Tenía que entrar a la Universidad en 1978. En ese año la dictadura militar cerró las carreras humanísticas en la Universidad de Buenos Aires. Quedaban pocas opciones atractivas. Así que tuve que elegir una que no lo era pero que me permitiría trabajar pronto: Ciencias Económicas. Me gustaba estudiar, lo que fuera, así que hice la carrera en poco tiempo y con buenas notas. Pero no fue suficiente.   

   Ya graduada, trabajando muchas horas por día, me costaba iniciar otra carrera universitaria. La necesidad de escribir me hizo buscar talleres literarios. Me pasaron el dato del taller de Abelardo Castillo. Su taller era de los más prestigiosos en Buenos Aires. Se decía que en sus grupos “la escritura se tomaba como cosa seria y no como pasatiempo”. Si ibas al taller de Abelardo era porque querías ser escritor. Me daba miedo no estar a la altura ni del maestro ni de mis potenciales compañeros, venía de una carrera universitaria ajena a la escritura. Tomé coraje y lo llamé. Me atendió amable, me escuchó, pero enseguida comenzó con un cuestionario preciso. “¿Leíste Madame Bovary? ¿Leíste Guerra y Paz? ¿Leíste En busca del tiempo perdido? ¿Leíste Crimen y Castigo?”. 

   Así me preguntó, uno por uno, acerca de diez libros que él consideraba imprescindibles para cualquiera que quisiera escribir. Fui honesta y, aunque me avergonzaba, respondí que sí sólo frente a los títulos que había leído, apenas unos cuatro o cinco. Abelardo Castillo se quedó en silencio. Me lo imaginé del otro lado de la línea meneando la cabeza. Al rato dijo: “Y bueno... si querés venir, vení igual, pero no sé si va a funcionar...”. No fui. Me resultaba casi escandaloso haber pretendido escribir sin haber hecho antes esas lecturas. Me tomé el tiempo para hacerlas y luego, temiendo ser reconocida como “aquella que llamó sin haber leído”, empecé el taller con Guillermo Saccomanno, otro maestro estricto y generoso, pero que tenía una lista de cien libros que había que leer para poder escribir. Entonces, ante una lista tan larga, era más fácil decir que solo había leído la mitad y ponerse al día, si lo lograba, con el tiempo. 
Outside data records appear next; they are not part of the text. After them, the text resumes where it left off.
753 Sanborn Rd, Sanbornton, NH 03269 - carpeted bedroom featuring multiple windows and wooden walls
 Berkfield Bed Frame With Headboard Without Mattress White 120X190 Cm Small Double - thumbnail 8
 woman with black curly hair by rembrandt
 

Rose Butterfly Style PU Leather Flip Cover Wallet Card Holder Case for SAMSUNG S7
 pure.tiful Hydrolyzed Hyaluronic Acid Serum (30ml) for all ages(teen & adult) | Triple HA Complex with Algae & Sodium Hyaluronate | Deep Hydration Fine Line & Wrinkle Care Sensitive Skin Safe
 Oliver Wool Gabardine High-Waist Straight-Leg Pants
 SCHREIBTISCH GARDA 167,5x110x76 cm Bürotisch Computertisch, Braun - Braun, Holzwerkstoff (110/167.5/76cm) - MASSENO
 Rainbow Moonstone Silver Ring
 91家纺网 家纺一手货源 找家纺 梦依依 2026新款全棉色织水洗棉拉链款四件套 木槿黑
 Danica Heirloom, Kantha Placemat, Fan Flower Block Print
   Aquella anécdota frustrada con Abelardo Castillo fue fundante: no hay otro camino para escribir que leer mucho, que leer todo. Tenía razón cuando hacía ese cuestionario a los alumnos que iban a su taller. Muchos de los que pasaron por su casa son hoy escritores consagrados y agradecidos. Abelardo Castillo fue, sin dudas, no sólo un gran escritor sino un gran maestro para muchas generaciones de alumnos que pasaron por su taller. 

   Hoy, en esa lista de lo que hay que leer si uno quiere escribir, hay que incluirlo a él, a sus cuentos, a sus novelas, a ese entrañable libro que es “Ser escritor”. A pocas horas de su muerte parecía que todo el mundo tenía presente su obra. Ojalá sea así. Ojalá perdure. Ojalá se lo lea más. Se lo merece él y nos lo merecemos nosotros, los lectores.